__WORK TO BE COMPLETED__: Using the data below, set down every line from the one containing "Proud Autism Dad T-Shirt" through the one containing "Breeze Декор Тропик", inclusive and unchanged. Pictures are to be skipped.

__DATA RECORDS__:
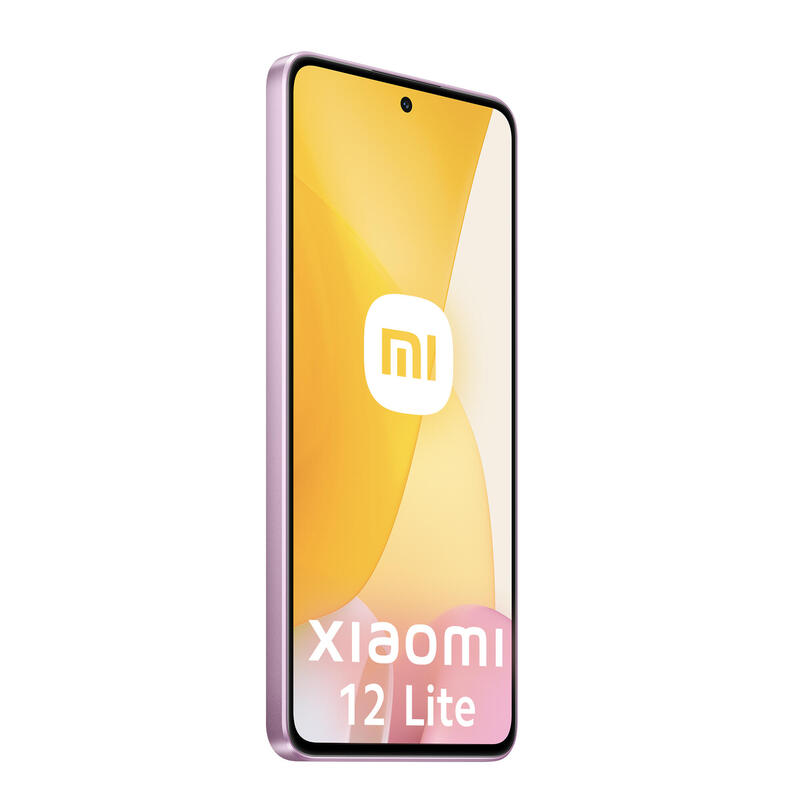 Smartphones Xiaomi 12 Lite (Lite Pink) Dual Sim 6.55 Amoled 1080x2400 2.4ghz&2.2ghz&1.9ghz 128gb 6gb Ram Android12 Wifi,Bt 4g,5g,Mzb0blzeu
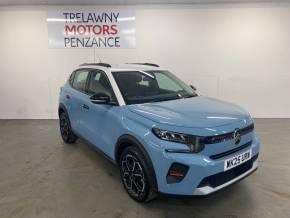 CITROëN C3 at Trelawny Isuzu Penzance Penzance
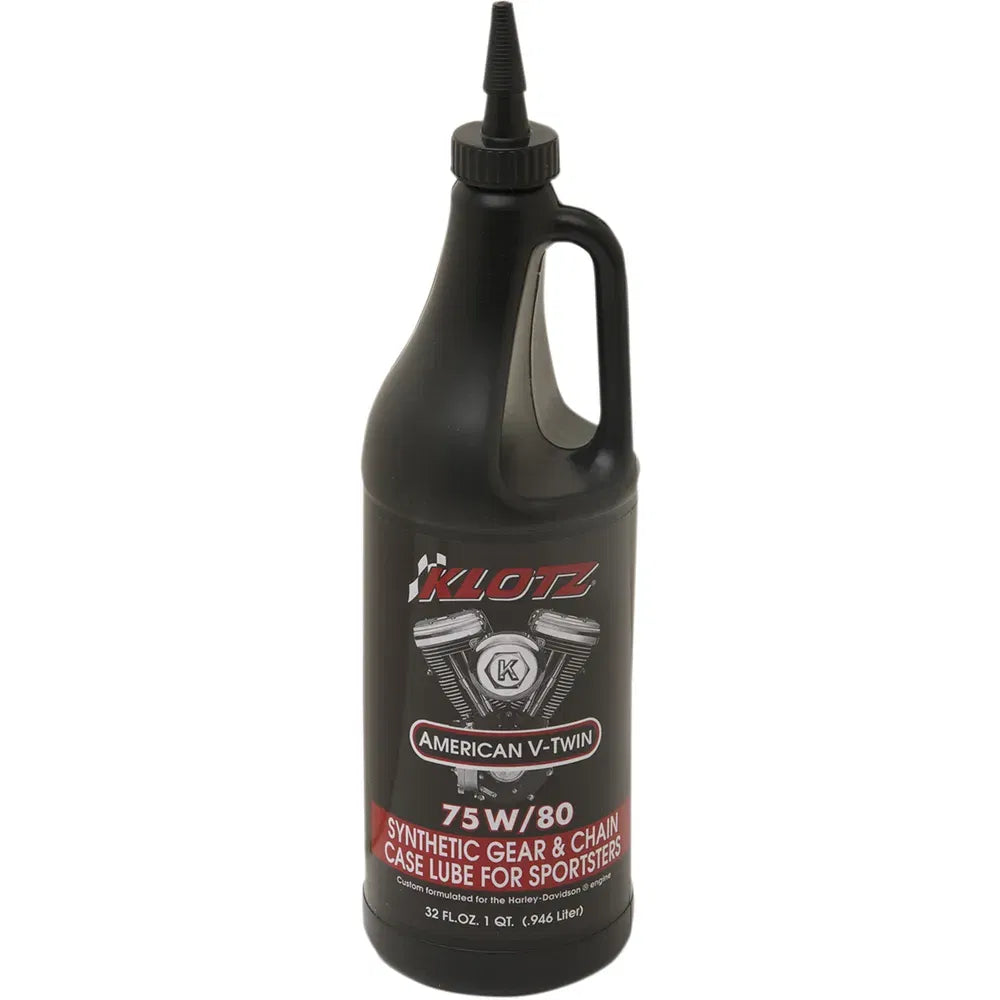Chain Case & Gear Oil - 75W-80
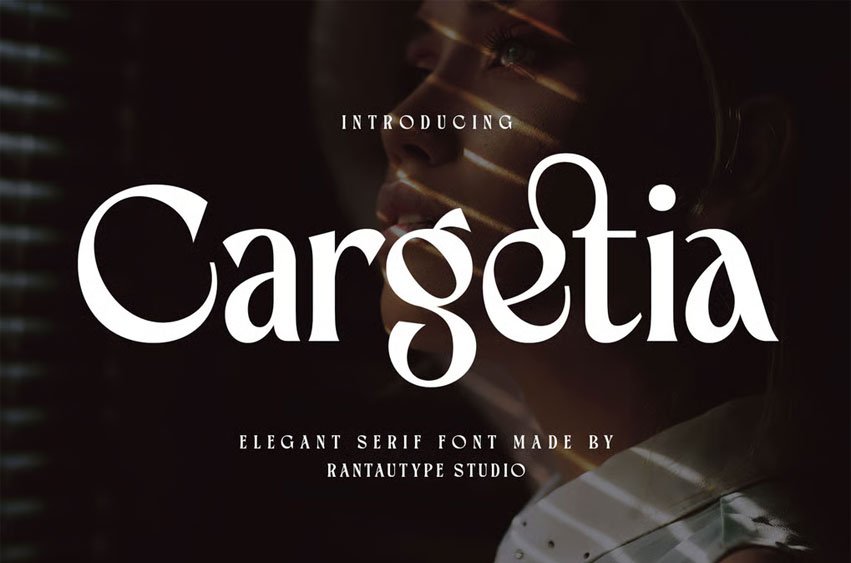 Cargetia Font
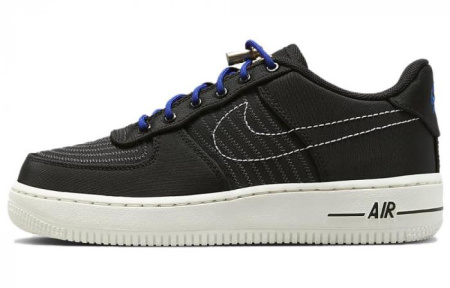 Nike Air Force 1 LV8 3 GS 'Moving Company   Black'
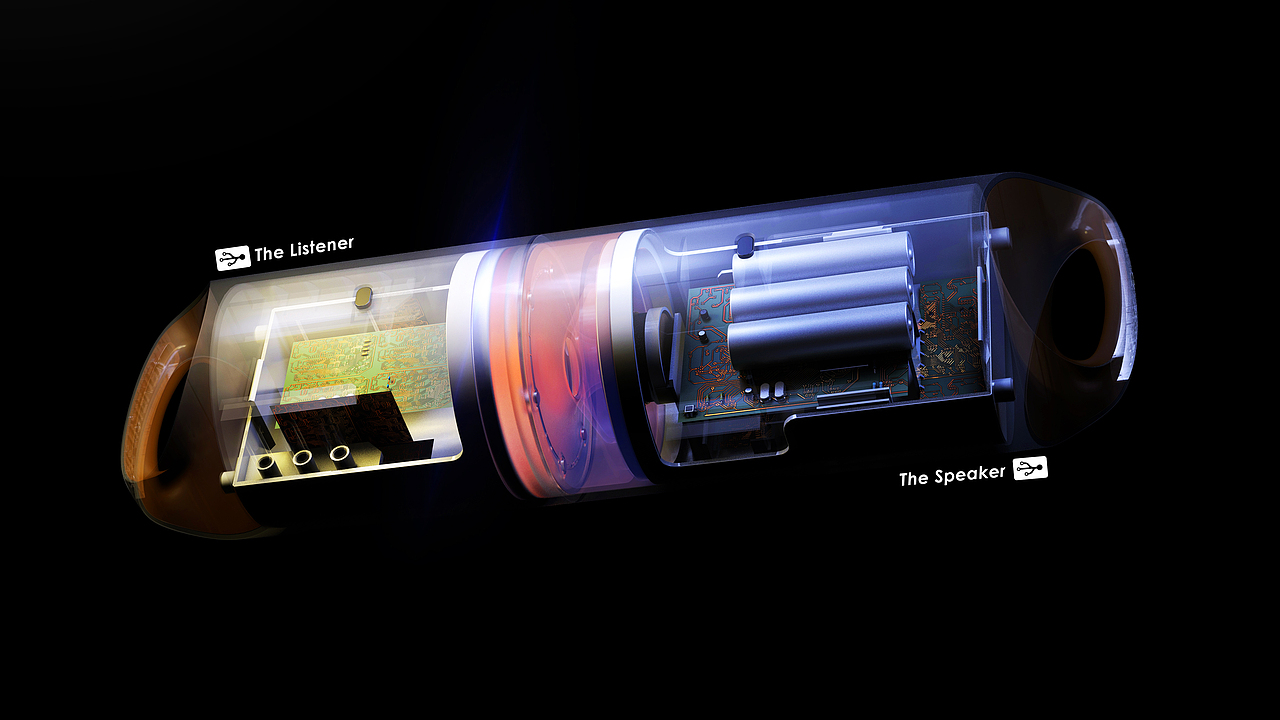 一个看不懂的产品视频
...
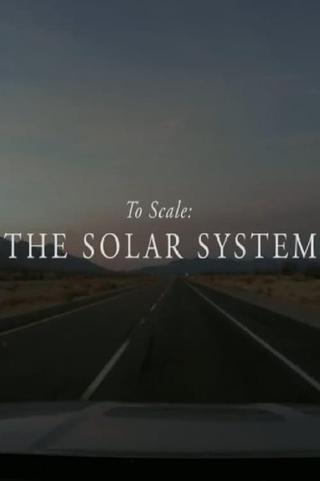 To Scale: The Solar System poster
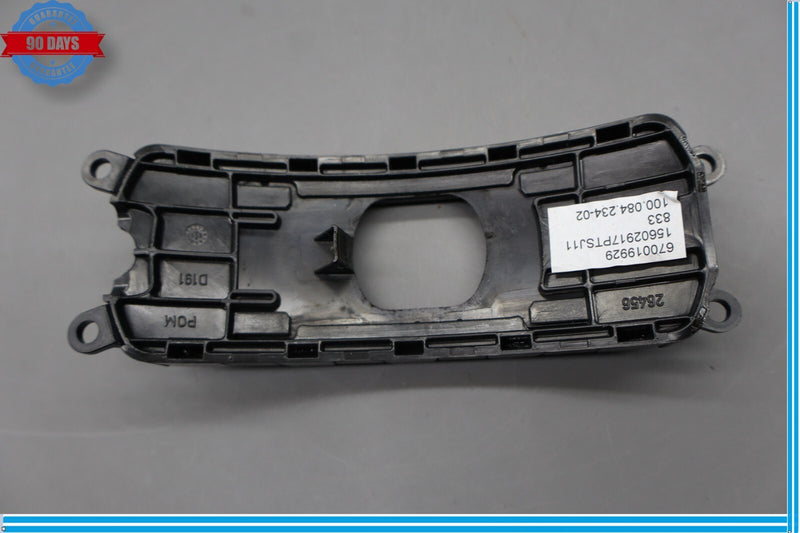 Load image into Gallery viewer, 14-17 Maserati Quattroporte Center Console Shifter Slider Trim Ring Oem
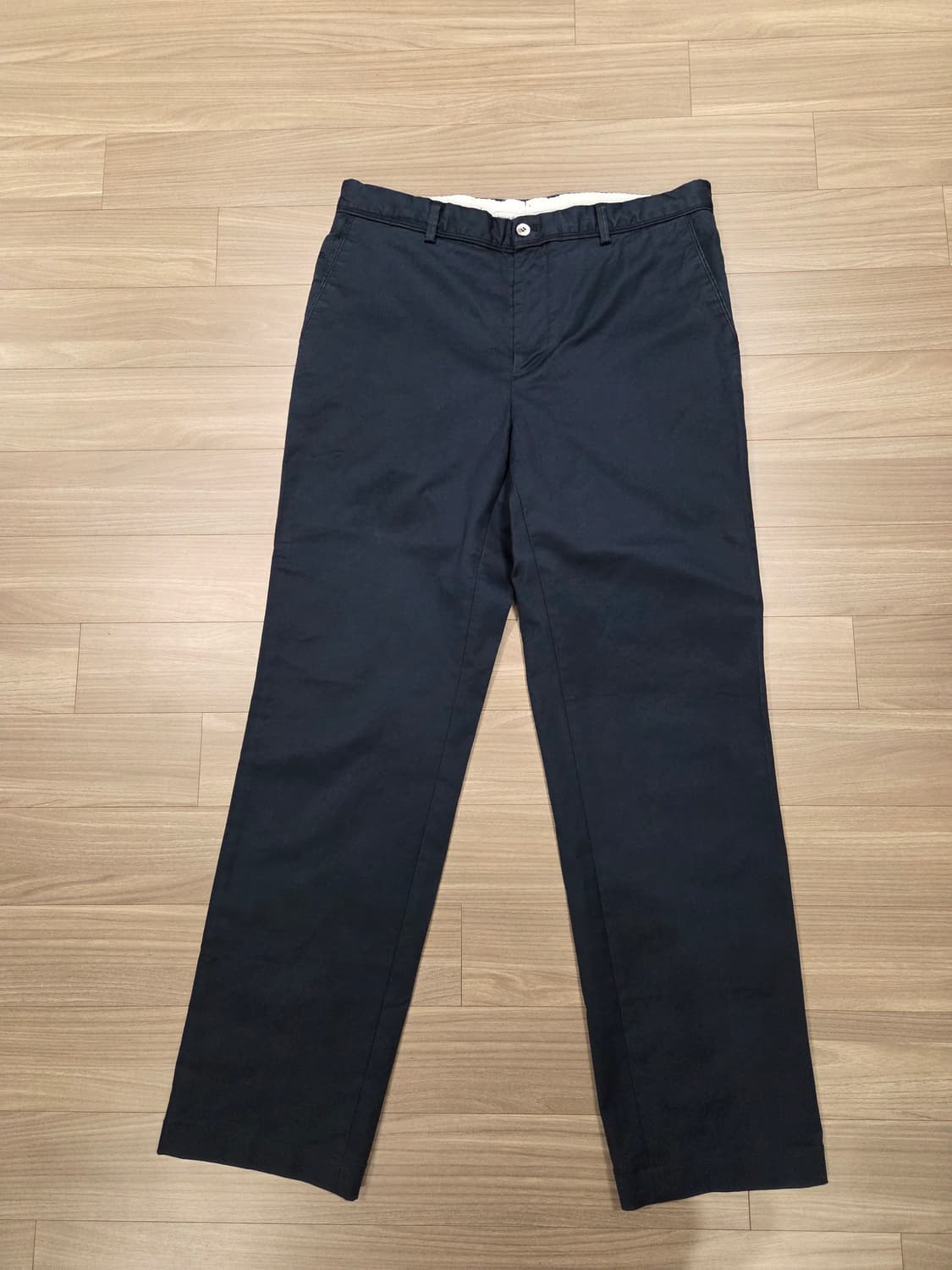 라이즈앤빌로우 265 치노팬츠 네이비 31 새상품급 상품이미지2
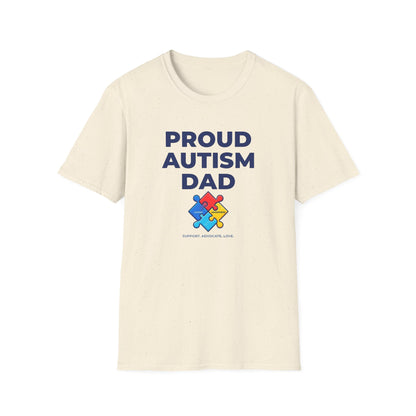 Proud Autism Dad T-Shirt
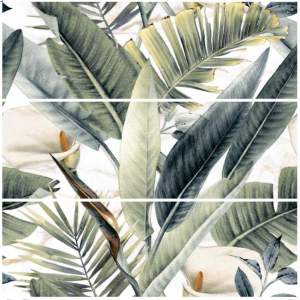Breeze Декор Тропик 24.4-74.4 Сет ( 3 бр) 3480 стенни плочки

__RESPONSE TO THE TASK__:
 Proud Autism Dad T-Shirt
Breeze Декор Тропик 24.4-74.4 Сет ( 3 бр) 3480 стенни плочки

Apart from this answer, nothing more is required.